The Hang Seng Index added 0.1 per cent to 26,405.64 as of 9.50am local time, after losing as much as 0.4 per cent earlier. The Hang Seng Tech Index advanced 0.7 per cent. On the mainland, the CSI 300 Index slid 0.5 per cent and the Shanghai Composite Index lost less than 0.1 per cent.
Toymaker Pop Mart slumped 7.7 per cent to HK$255 after JPMorgan downgraded its shares to neutral, citing a lack of catalysts and an unattractive valuation. Search-engine giant Baidu fell 2.4 per cent to HK$112.30, while logistics firm ZTO Express declined 1.6 per cent to HK$146.60 and home appliance maker Midea Group slid 1.3 per cent to HK$84.80.
Limiting losses, bottled-water producer Nongfu Spring jumped 3.4 per cent to HK$54, while electric-car maker BYD added 1.4 per cent to HK$106. Online-game provider NetEase advanced 1.3 per cent to HK$239.40, and e-commerce company Alibaba Group Holding rose 0.7 per cent to HK$152.20.
US-China talks in Madrid entered a second day on Monday, with discussions centred on trade issues and the fate of ByteDance’s TikTok, which faces a deadline for a deal to keep operating in the United States. US President Donald Trump told reporters on Sunday that the negotiations with China were “going fine”, adding that TikTok’s fate depended on China’s actions.

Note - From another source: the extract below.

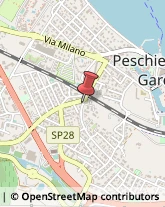 Parrucchieri Peschiera del Garda,46044Verona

“Markets see the outline – tariffs sharpened, sanctions dangled, chips weaponised, social-media apps turned into hostages,” said Stephen Innes, a managing partner at SPI Asset Management in Bangkok. “Madrid is less about finding common ground than testing which side blinks first before Trump and [China President] Xi Jinping step onto a bigger stage. For traders, this isn’t background noise. It’s the tectonic friction that could jolt currencies, equities and tech supply chains in the weeks ahead.”